The key takeaway from the super-heated battle for Georgia’s 6th Congressional District, where Republican veteran Karen Handel beat Democratic neophyte Jon Ossoff, is that partisan gerrymandering is king. It swings elections more powerfully and reliably than a flood of MegaMoney.
Flexing their financial muscle, Democrats poured $39.2 million into the race for Ossoff, outspending the Republicans and Handel’s $24.8 million. All that Democratic money went for naught. But why?
Democrats blamed their previously youth-hero candidate for a thin a résumé and not residing in the district. They sniped at late-breaking TV images of the shooting of Congressional Republicans by a Democratic malcontent. They carped that House Democratic leader Nancy Pelosi and her “San Francisco values” undercut Ossoff among tradition-minded Georgia voters.
But too many pundits overlook the fundamental truth. Georgia’s district had been engineered by the Republican Party’s gerrymander mapmakers in 2001 and again in 2011 to guarantee victory for Republican candidates and defeat for Democrats.
For four solid decades, Georgia’s 6th Congressional District has been red, solid red, pure red, steadily red, loyally red, predictably red. In politics, that is called “a lock” – a safe monopoly that has worked for the GOP in that district for 21 straight congressional elections.
That lock was the bounty of RedMap, the GOP’s stunningly successful campaign to capture control of as many state governments as possible in the 2010 elections. By picking up 675 legislative seats nationwide in 2010, Republicans won vital leverage in the wake of the 2010 census, when congressional seats were reapportioned and election district lines had to be redrawn.
The RedMap sweep enabled Republicans to stack the mapping of election districts in the GOP’s favor in states from Michigan, Ohio, Wisconsin and Pennsylvania to Virginia, Georgia, the Carolinas and Florida. Democrats did it, too, in Maryland, Illinois and Massachusetts, but in far fewer states than Republicans.
RedMap has helped Republicans gain control of the House of Representatives in 2012 with a 33-seat majority even though Democratic candidates won 1.5 million more votes nationwide than Republicans.
“Republicans derive a net benefit of at least 16-17 congressional seats in the current Congress” from partisan gerrymandering, says a new study from the nonpartisan Brennan Institute at New York University law school.
What’s more, RedMap is the gift that keeps on giving. The sophisticated software used by the Republican mapmakers enabled the GOP to carve the boundaries of election districts with such precision that those GOP-drawn district maps provide a firewall for Republicans in 2017 and beyond.
On the same day that Ossoff lost in George, Republican Ralph Norman defeated Democrat Archie Parnell, by 51 percent to 47 percent, in a special congressional election in South Carolina. Go back a decade and Democrats used to win that district easily, because they had drawn the maps in 2001.

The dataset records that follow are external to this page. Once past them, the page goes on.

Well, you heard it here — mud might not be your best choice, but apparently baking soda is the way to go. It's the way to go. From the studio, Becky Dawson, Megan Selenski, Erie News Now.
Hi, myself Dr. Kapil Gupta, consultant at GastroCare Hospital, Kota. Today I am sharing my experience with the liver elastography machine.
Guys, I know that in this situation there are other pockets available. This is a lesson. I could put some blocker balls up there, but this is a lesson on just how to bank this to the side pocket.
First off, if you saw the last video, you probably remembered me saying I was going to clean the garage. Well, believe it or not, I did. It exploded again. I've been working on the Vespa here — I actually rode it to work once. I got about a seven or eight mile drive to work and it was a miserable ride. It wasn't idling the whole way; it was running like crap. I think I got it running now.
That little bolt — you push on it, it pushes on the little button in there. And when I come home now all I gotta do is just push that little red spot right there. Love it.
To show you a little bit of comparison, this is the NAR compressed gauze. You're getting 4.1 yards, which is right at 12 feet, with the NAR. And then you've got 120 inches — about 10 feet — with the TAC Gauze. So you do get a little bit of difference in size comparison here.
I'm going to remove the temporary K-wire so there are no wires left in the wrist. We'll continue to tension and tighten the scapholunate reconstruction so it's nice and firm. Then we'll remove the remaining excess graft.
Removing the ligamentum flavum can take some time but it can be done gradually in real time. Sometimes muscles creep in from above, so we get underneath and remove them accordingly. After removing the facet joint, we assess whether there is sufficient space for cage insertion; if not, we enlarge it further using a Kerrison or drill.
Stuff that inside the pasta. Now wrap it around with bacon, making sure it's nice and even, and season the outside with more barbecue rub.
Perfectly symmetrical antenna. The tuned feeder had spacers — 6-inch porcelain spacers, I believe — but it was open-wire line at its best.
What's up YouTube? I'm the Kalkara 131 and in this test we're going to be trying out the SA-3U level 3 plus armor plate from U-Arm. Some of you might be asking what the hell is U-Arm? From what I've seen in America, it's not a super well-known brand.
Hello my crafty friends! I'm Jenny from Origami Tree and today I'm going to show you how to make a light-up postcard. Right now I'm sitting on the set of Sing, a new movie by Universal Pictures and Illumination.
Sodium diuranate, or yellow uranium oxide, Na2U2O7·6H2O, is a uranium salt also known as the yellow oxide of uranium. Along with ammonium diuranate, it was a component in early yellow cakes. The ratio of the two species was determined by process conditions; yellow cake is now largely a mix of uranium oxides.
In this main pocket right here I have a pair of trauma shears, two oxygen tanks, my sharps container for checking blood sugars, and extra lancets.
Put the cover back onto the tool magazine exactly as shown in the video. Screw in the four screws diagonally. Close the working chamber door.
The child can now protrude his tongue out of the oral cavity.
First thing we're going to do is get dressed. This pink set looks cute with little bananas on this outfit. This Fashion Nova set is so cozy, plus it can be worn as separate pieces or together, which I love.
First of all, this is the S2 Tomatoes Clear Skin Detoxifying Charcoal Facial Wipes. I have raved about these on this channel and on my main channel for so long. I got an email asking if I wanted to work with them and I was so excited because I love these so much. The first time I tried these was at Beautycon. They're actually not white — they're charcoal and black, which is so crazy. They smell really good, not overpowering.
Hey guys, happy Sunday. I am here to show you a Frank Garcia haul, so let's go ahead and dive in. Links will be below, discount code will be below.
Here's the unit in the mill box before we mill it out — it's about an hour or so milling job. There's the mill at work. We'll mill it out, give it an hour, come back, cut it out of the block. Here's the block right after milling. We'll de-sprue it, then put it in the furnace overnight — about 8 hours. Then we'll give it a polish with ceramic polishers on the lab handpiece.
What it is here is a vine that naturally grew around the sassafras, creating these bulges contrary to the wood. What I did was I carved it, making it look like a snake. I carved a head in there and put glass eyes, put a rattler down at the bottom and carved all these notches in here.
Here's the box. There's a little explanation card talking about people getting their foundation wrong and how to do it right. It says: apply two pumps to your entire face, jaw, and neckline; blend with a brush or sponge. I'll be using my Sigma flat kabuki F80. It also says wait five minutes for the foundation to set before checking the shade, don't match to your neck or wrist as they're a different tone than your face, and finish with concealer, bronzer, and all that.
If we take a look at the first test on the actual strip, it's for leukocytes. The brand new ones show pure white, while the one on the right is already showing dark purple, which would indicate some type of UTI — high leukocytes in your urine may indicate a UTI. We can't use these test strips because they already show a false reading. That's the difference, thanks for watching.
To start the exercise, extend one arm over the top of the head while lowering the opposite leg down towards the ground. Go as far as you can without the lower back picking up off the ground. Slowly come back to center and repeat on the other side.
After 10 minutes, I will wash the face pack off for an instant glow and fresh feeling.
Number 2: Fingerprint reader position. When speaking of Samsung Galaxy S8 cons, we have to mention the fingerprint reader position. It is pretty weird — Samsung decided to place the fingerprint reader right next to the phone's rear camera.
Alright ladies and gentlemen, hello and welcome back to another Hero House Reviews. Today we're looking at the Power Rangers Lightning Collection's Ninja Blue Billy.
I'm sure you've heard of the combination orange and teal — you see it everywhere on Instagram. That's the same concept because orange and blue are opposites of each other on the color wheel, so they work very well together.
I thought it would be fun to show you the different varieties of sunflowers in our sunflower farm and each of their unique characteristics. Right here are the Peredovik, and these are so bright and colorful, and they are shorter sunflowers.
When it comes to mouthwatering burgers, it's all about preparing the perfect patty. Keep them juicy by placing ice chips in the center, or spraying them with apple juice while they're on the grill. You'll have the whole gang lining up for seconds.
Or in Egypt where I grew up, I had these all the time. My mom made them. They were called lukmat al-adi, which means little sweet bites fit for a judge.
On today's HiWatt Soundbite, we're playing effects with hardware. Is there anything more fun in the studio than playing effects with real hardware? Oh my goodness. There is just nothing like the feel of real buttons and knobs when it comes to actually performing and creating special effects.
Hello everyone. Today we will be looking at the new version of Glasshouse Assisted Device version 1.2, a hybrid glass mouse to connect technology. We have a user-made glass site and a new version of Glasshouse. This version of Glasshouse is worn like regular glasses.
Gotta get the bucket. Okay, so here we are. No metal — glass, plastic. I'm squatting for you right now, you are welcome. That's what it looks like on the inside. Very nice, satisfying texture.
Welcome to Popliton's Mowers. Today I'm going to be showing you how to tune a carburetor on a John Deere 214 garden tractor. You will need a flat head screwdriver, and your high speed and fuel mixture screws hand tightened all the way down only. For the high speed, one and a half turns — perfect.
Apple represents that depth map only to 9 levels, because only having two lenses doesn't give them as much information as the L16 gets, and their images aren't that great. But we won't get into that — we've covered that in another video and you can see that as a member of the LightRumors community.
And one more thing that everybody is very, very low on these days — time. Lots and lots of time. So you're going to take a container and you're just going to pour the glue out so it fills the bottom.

But when the 2010 census gave South Carolina one new House seat and the election maps were redrawn, the Republican Legislature made sure that the fifth district was solidly Republican and made it easy for their man, Mike Mulvaney, to win in three elections. Despite a strong challenge by Parnell, a pro-business Democrat with a Goldman Sachs pedigree, South Carolina’s 5th District worked like a charm once again as “safe” Republican.
In Georgia, Democrats were lured into discounting the political laws of gravity by two anomalies. Donald Trump had narrowly carried that district in 2016 and Democrats believed that highly educated district voters would punish any Republican candidate for Trump’s political sins. And second, Ossoff finished first among a bipartisan field of 18 candidates in the first April primary. But in the June runoff, when both parties mobilized their legions, Republican gerrymandering paid off.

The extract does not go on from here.